Biological Foundations of Psychology Linked to Behavior
The primary biological foundations of psychology linked to behavior are the psychodynamic, behaviorist, cognitive, and evolutionary perspectives. The psychodynamic perspective developed by Sigmund Freud, proposes that one’s actions reflect the way thoughts, feelings, and wishes are associated in one’s mind; that many of these processes are unconscious, and that mental processes can conflict with one another, leading to compromises among competing motives (Kowalski & Westen, 2011). The behaviorist perspective, pioneered by John Watston and B. F. Skinner, is a perspective that focus is on the relation between observable behaviors and environmental events or stimuli (behaviorism) (Kowalski & Westen, 2011). The belief of this perspective is that many reactions are learned, and that behavior is controlled through learning.
The cognitive perspective focuses on how or the way one perceives, processes, and retrieve information (Kowalski & Westen, 2011). This perspective is useful in understanding the process behind decision making. The evolutionary perspective was built from Darwin’s principle of natural selection (Kowalski & Westen, 2011). The argument is that human behavioral proclivities must be understood in the context of their evolutionary and adaptive significance (Kowalski & Westen, 2011). There is also the argument that many behavioral tendencies in humans, from the need to eat to concern for their children, evolved because they helped their ancestors survive and rear healthy offspring (Kowalski & Westen, 2011). It is the belief of evolutionary psychologists that the most enduring human attributes during a certain point and time served as a function for humans as biological organisms (Kowalski & Westen, 2011).

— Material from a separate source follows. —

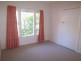 11 Charlton Street, Southport QLD 4215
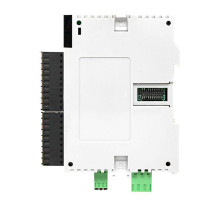 Контроллер программируемый F100 10 в/в PRO-Logic PROxima EKF F100-10-R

Influencing ones knowledge and understanding of psychology are the major schools of thought, such as structuralism, functionalism, behaviorism, psychoanalysis, humanistic psychology, Gestalt psychology, and cognitive psychology. One can identify solely with one school of thought or draw on the theories and ideas from several schools of thought. The four perspectives of psychology, which are the psychodynamic, behaviorist, cognitive, and evolutionary perspective link human behavior. These perspectives are used to study human behavior and allow one to form a thesis about why behaviors occur.